さて長沙太守に任命されていた孫堅はどうなったのでしょう。
董卓を討つために洛陽に突入した孫堅でしたが、到着は董卓滅亡の後の混乱時でした。これに乗じて伝国の印璽を入手したのです。
演義によると宦官皆殺し騒動で 献帝一行が慌ただしく宮殿を離れた際、保管係の宦官が井戸に印璽を隠して埋めていたのを掘り出したのです。孫堅はこれを16歳になる息子の孫策に渡します。そこまではよかったのですが、なんと翌日流れ矢に当たって死んでしまったのでした。享年37歳、三国の礎を築いた男の中では最も早く舞台から去ったのでした。孫堅の子供孫策は印璽を持ってやむを得なく南に戻ったのです。
劉備、棚ぼた式に徐州の牧に
呂布が袁紹の元から逃げ出した頃、曹操の父や弟は手違いから徐州の牧、陶謙の部下に殺さてしまいました。曹操は報復のため大軍を発して徐州を攻撃します。慌てた陶謙は平原の県令としてじっくり実力を蓄えつつあった劉備に救援を頼んできたのです。

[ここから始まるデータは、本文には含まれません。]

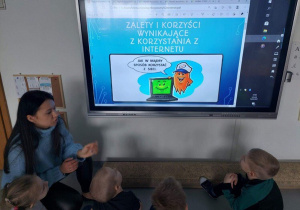 Dzieci korzystają z tablicy multimedialnej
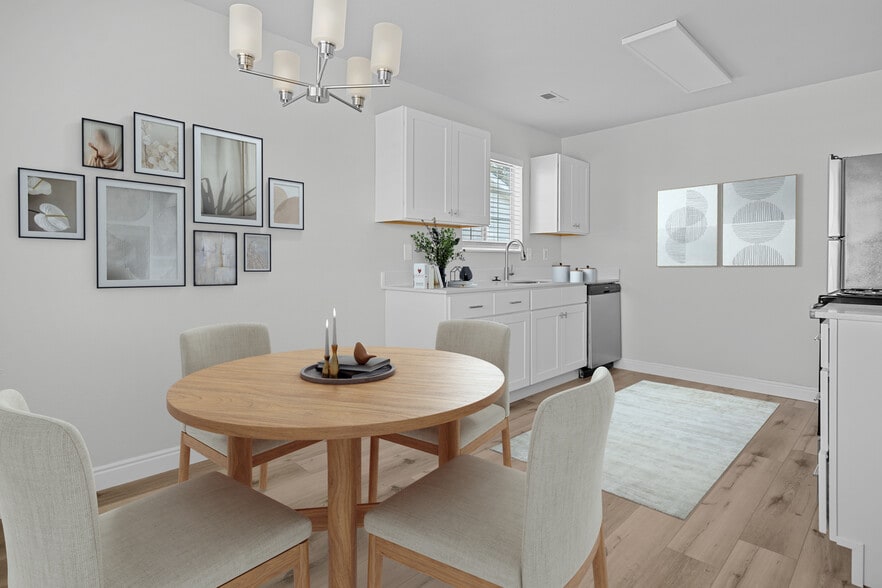 Primary Photo - Lexington Park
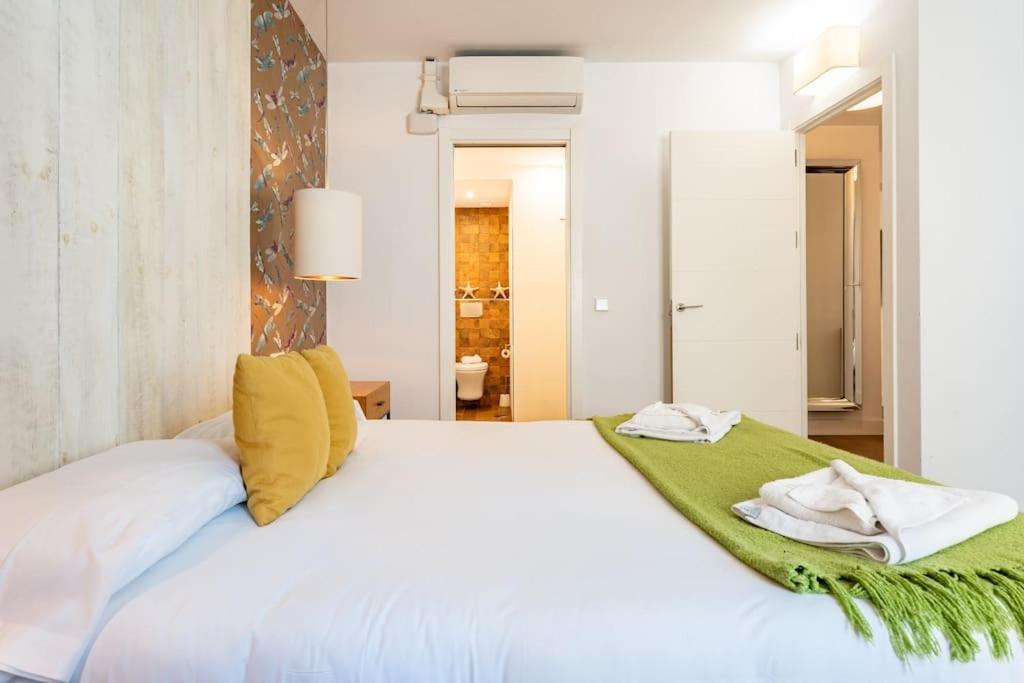 Super Central Malaga Flat With Terrace And Free Parking Εξωτερικό φωτογραφία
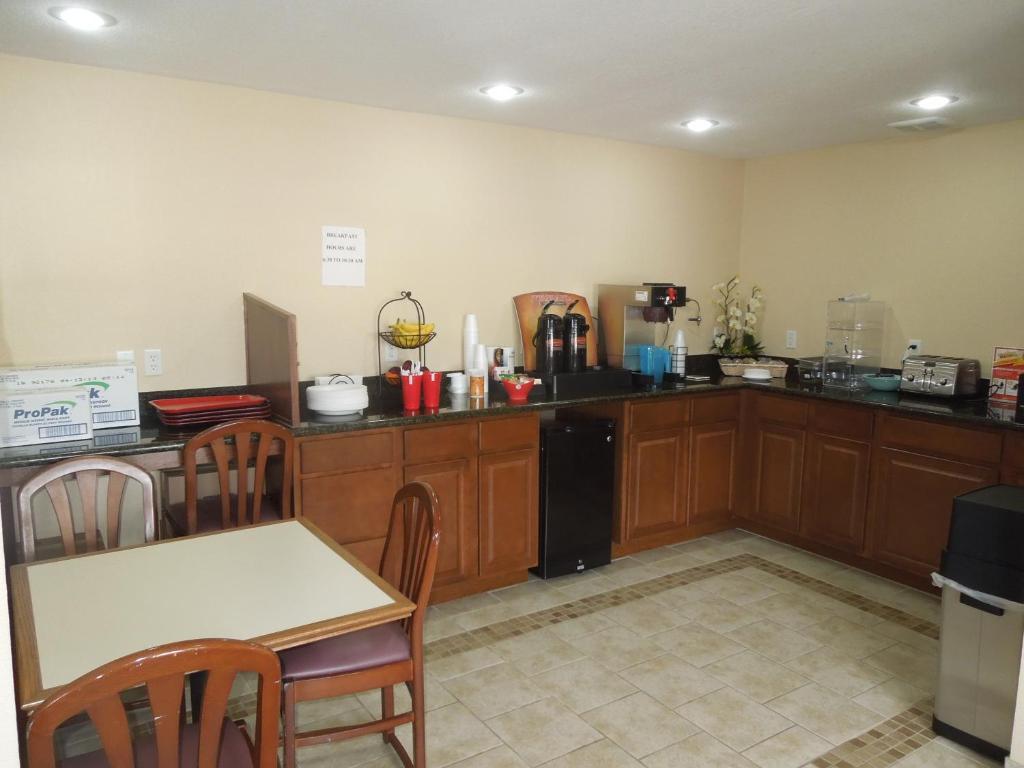 Budget Inn Watkins Glen Extérieur photo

劉備は私兵3000人に貸し与えられた4000人の計7000人の部隊長となり、ついで陶謙から豫州(河南省)の知事の辞令を受け勇躍出兵したのですが、報復の念に燃えた曹操軍に 蹴散らされ、駆逐されてしまったのでした。
こういう時に曹操の軍事力とその野心を危惧した人々の中から曹操打つべしという声が起こり、曹操のかっての親友張邈を中心としたグループが結成されたのです。その時張邈の軍に姿を現したのは袁紹の下を脱出して以来行方をくらましていた呂布です。張邈はこの呂布に兗州を攻めさせたので曹操は兵を引きました。
呂布の攻撃によって曹操が兵をひいたために命拾いをした陶謙は安心して気が緩んだのかまもなく病死し、その遺言によって助っ人にきた劉備が思いがけなくして徐州の牧の地位を手に入れます。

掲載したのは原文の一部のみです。